- Dutch release picture sleeve

Single by Little Richard

from the album Here's Little Richard
- A-side: "Rip It Up"
- Released: June 1956
- Recorded: May 9, 1956
- Studio: J&M, New Orleans, Louisiana
- Genre: Rock and roll
- Length: 2:07
- Label: Specialty
- Songwriter(s): John Marascalco, Robert Blackwell
- Producer(s): Robert Blackwell

Little Richard singles chronology
| "Long Tall Sally" b/w "Slippin' and Slidin'" (1956) | "Ready Teddy" (1956) | "She's Got It" b/w "Heeby-Jeebies" (1956) |

= Ready Teddy =

Original song written and composed by Robert Blackwell, John Marascalco

"Ready Teddy" is a song written by John Marascalco and Robert Blackwell, and first made popular by Little Richard in 1956. Little Richard sang and played piano on the recording, backed by a band consisting of Lee Allen (tenor saxophone), Alvin "Red" Tyler (baritone sax), Edgar Blanchard (guitar), Frank Fields (bass), and Earl Palmer (drums).

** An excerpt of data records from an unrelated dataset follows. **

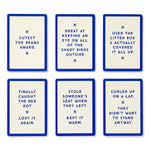 Because This Cat Is Embarrassing by Pet Shame/Praise Deck by Brass Moneky; Galis 9780735379329_2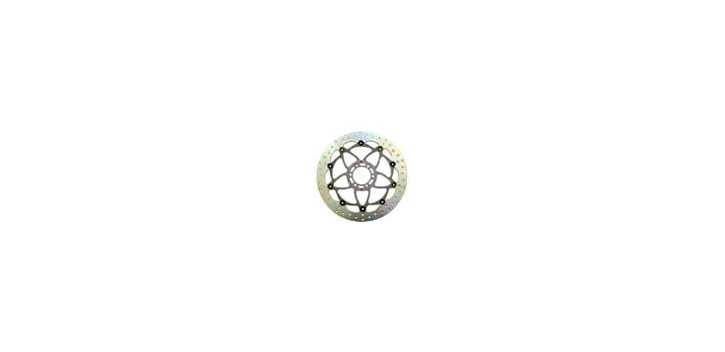 EBCEBC Bremsscheibe MD 659 Rear 220mm Apr RS125 92-95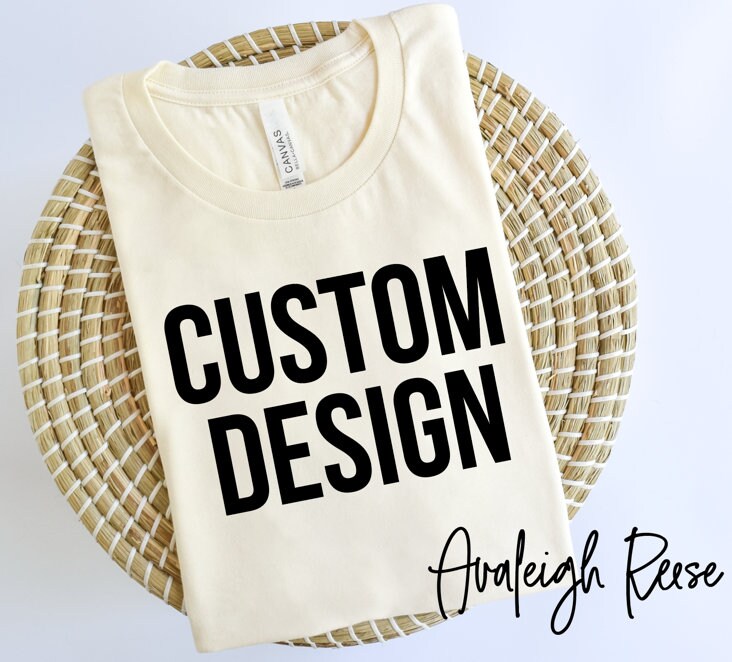 Custom Design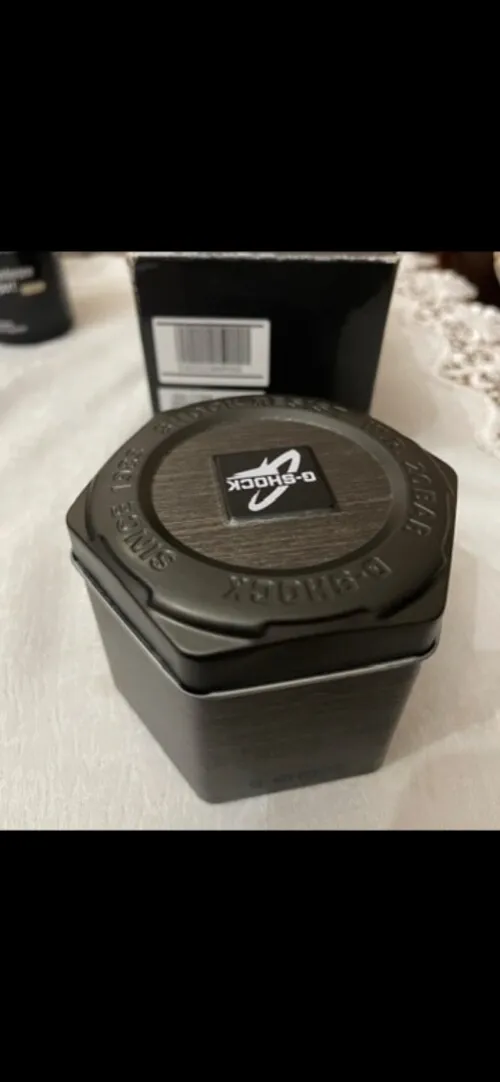 Montre Casio G-SHOCK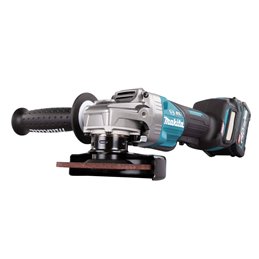 Miniamoladora XGT® Makita GA029GM201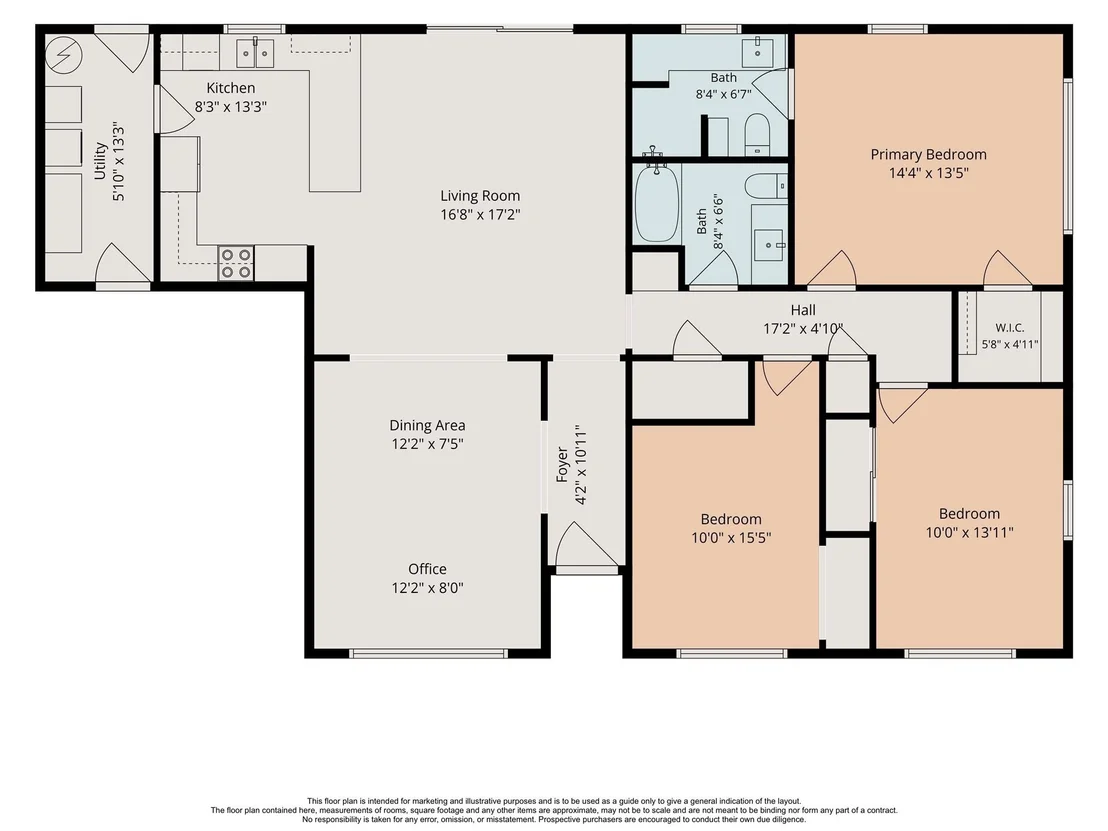 Photo of 7930 Cedel Drive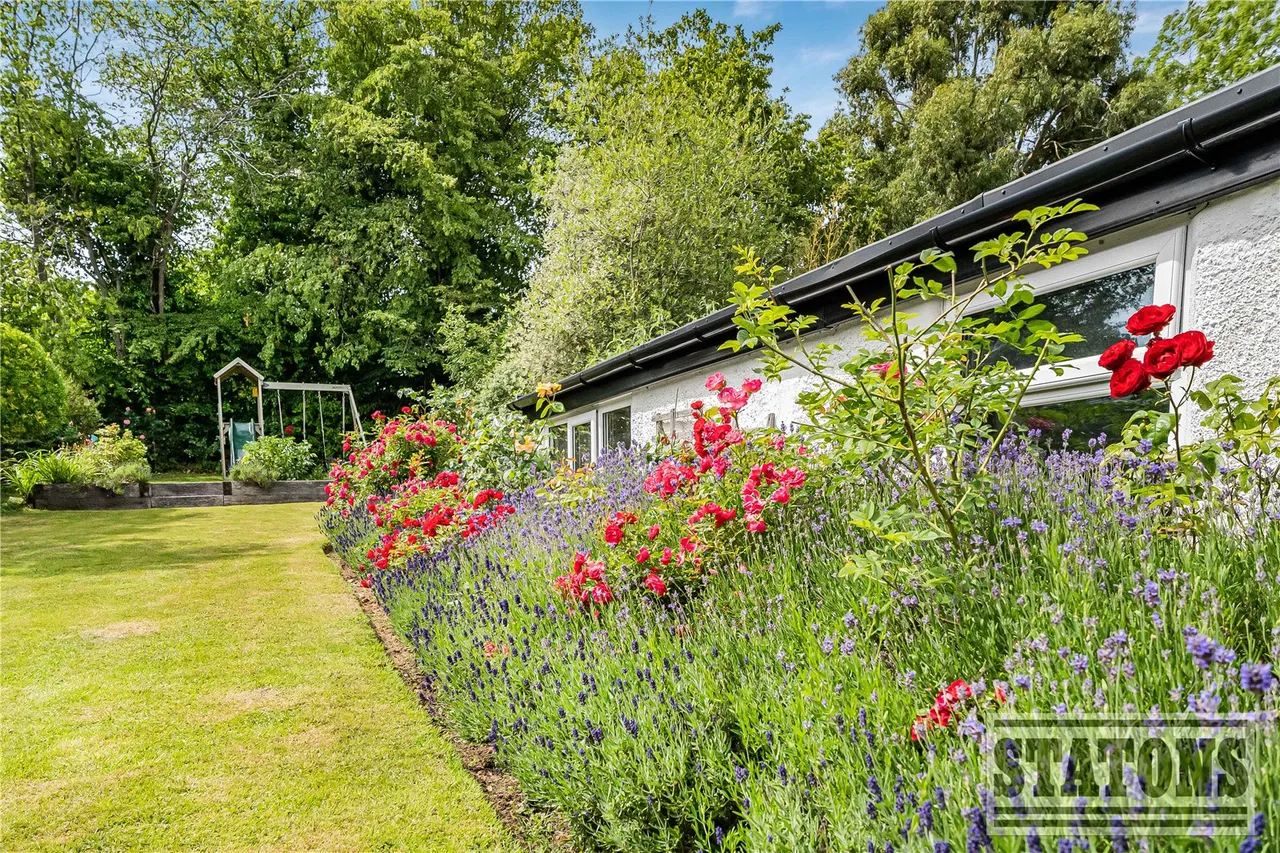 Southway, Totteridge, London, N20 8DB, photo 21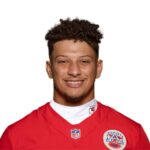 Patrick Mahomes net worth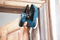 Bosch GEX 125-1 AE - Excenterschuurmachine 250 Watt - Microfilterstofafzuiging - Koffer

It has since been covered by Buddy Holly, The Tornados, Elvis Presley, Cliff Richard And The Shadows, Tony Sheridan and others, making it something of a rock and roll standard. The composition, an uptempo rock and roll song, received its largest ever recognition on the evening of September 9, 1956, as Presley sang it in front of some 60 million television viewers during his first appearance on The Ed Sullivan Show on CBS, a broadcast which received a Trendex percentage share of 82.6, the largest ever obtained in the history of U.S. television. It was later used in Federico Fellini's La Dolce Vita (1960) as a version by Italian rocker Adriano Celentano.